Autrefois de couleur grise, les murs du quartier général de l'armée à Khartoum sont devenus une gigantesque toile pour les graffeurs, qui se sont également emparés d'autres parois de la capitale pour exprimer leur art.
Ornant les murs du QG militaire, des peintures représentent les manifestants aux poings serrés ou faisant le « V » de la victoire. Le 11 avril, après quatre mois d'une contestation populaire inédite, l'armée a renversé le président Béchir, qui régnait sans partage depuis 1989.

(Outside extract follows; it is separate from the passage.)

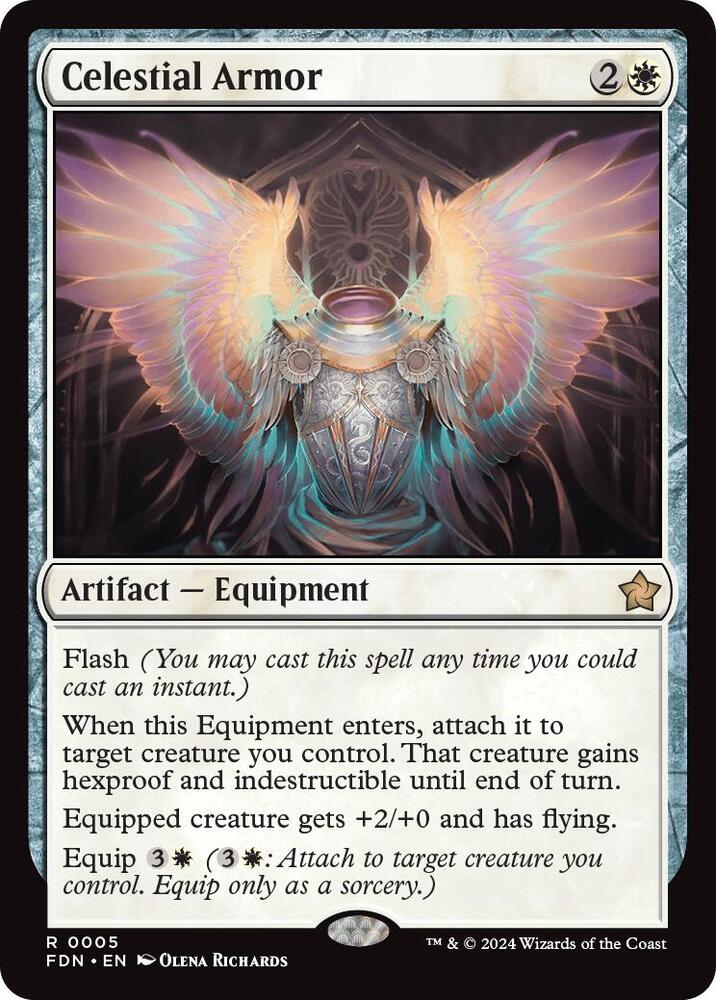 Celestial Armor #5 Foundations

A proximité du siège de l'armée, devant lequel des manifestants continuent de camper jour et nuit pour réclamer l'instauration d'un pouvoir civil, des drapeaux soudanais et des portraits des leaders de la contestation ont été peints : « Même s'ils sont effacés un jour, les dessins laisseront une trace indélébile dans l'esprit des gens », affirme Lotfy Abdel Fattah, 35 ans, un artiste spécialisé dans les beaux-arts.
La chute du président Omar el-Béchir a libéré leur créativité
Au Soudan, les graffitis ont été pendant des années un art clandestin, considérés par les agents de sécurité comme un symbole de contre-pouvoir ou comme du vandalisme pur et simple, alors que s'exerçait une censure vigoureuse.

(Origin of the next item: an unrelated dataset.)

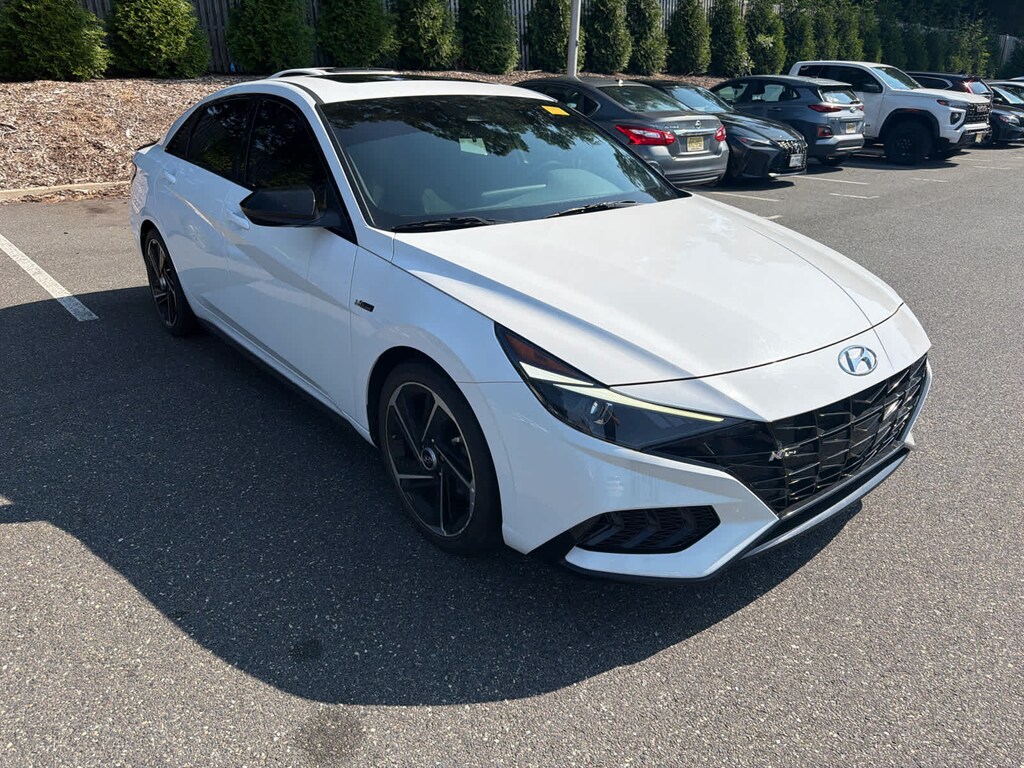 Certified 2022 Hyundai Elantra N Line Sedan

Les choses sont différentes aujourd’hui, selon Amir Saleh, interrogé par nos confrères de l’AFP. « Les gens ont apprécié nos dessins et nous avons estimé qu'il fallait commencer à peindre tous les murs. Tous ces murs étaient nus. Avec d'autres artistes, nous les avons recouverts de graffitis. Nous voulions simplement raconter l'histoire de ce qu'il se passe ici ».
Abdel Fattah dessine sur les murs de la capitale depuis plus de dix ans, malgré les difficultés et risques. Désormais, il souhaite avant tout montrer dans ses dessins le futur du Soudan, qu'il imagine radieux : « Je représente généralement le Soudan comme un pays recouvert d'une verdure luxuriante et de fleurs pour montrer qu'il a beaucoup à offrir », dit-il.

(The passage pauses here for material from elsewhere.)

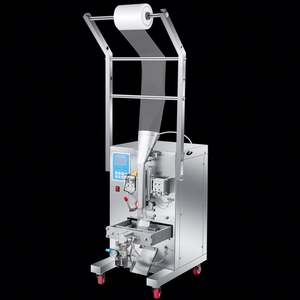 Machine tout-en-un automatique pour le remplissage, la scellage et l'emballage du lait, de l'huile de cuisson, de la sauce soja, de la farine, des fruits secs, du thé - Product Image 6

Les artistes déplorent une absence de matériel
Même si les graffeurs soudanais apprécient leur première bouffée de liberté, tous se plaignent d'un manque de matériel : « Les graffitis devraient être faits avec des bombes de peinture mais il n'y en a pas et c'est très cher à importer », explique M. Abderrahmane, qui, comme les autres, utilise de la peinture classique.
La situation économique du Soudan, confronté à un grave déficit en devises étrangères, s'est empirée au fil des années. Le mouvement de contestation pourrait fragiliser davantage l'économie, ce qui n'entame pas la détermination des artistes : « Nous voulons un Soudan plus ouvert, qui accepte l'art et promeut la liberté d'expression », dit M. Saleh.